Might try another tonight.

Wednesday, September 06, 2006

Back to School

Sorry about that little hiatus, friends.

Well it's been 2 weeks. Where the fuck have I been? I only have about 20 minutes to tell you.

I covered the WPT Legends of Poker and Ladies Night IV at the Bicycle Casino last week for my new gig at Pokerblog. All of my articles can be found here. My favorites of the pieces I did that week are my WPT Ladies Night IV Preview and the one I wrote about witnessing a High-Stakes Chinese Poker side game with Layne Flack, Phil Hellmuth, and Gavin Smith. Special thanks to Wil for linking up my coverage on Card Squad.

Spaceman came to town to cover Legends for Bluff, and Pauly jetted to L.A. for a vacation after his long weekend in Colorado seeing Galactic with the Joker and Professional Keno Player Neil Fontenot. We spent a lot of the week relaxing up at Zuma Beach in Malibu. Showcase, meanwhile, met a new woman and I'm thrilled to report that she's absolutely lovely. Instead of picking her up drunk off her ass in a sushi restaurant, this time he met his girl at an obnoxious bar on Sunset Blvd. that he'd have never gone to had he not been hanging out with a new friend with great drugs. She was there entertaining an out of town friend and the rest is history. Only drawback? She lives in the valley.

The universe continues to send me signs that I should not play poker. They come in the form of having me lose set over set on the VERY FIRST HAND of a Full Tilt tournament (that was today) and bubble untold numbers of SNGs with dominating hands (that was last week). Not dominat-ED. Dominat-ING. It's like being a little kid who reaches up to the countertop to take a cookie off a plate only to have her hand slapped away. It stings and I'm hungry.

Last night I watched a lot of the WSOP coverage and spotted a lot of friends lurking in the background including Pauly, Tuscaloosa Johnny, Jen Browning, Dan Michalski (I think it was your pink shirt), Mad Harper, and Spaceman. The real stars of the show, however were Ryan and C.J. Ryan busted a world champion in Chris Ferguson and looked totally classy and sportsmanlike in the process, while C.J. got more airtime than world champion Tom McEvoy as he sweated day 2 chipleader Dimitri Nobles. My heart jumped as I heard Nobles call "C.J.!" and give him a totally manly bump-hug alongside the T.V. featured table after his A-8 brutally sucked out his opponent's K-K. One great luckbox deserves another.

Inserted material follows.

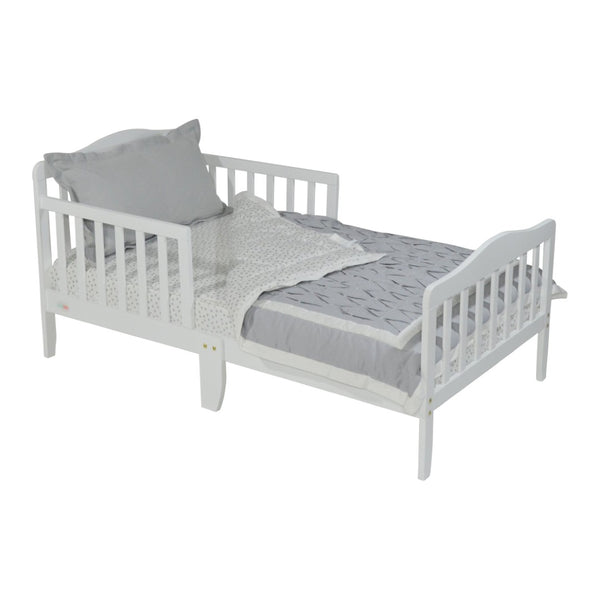 English Elm Blaire Toddler Bed with Guardrails Low Profile Frame Safe Sleep White Finish B02257189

The next six weeks will be full of intense writing for me. In addition to Pokerblog, I have a few pieces due for freelance clients, but more importantly, I've carved this six weeks into my schedule in between trips and big poker events to get as much work done on my screenplay as humanly possible. Perhaps even finish the first draft. It's what I'm trying for. So it's probably not a bad idea to play less poker. I have the next two days to sort of re-organize my life and my apartment and watch a few movies I need to watch to get myself re-absorbed in the tone of the piece. It's almost like getting ready to go back to school.

On the same note, I sent a "hey what's up" email to Charlie yesterday with that same subject line and his reply this morning started with the line "DEAR LORD! I thought you were going back to school!!!"

So maybe it's a lousy metaphor. But my 20 minutes are up.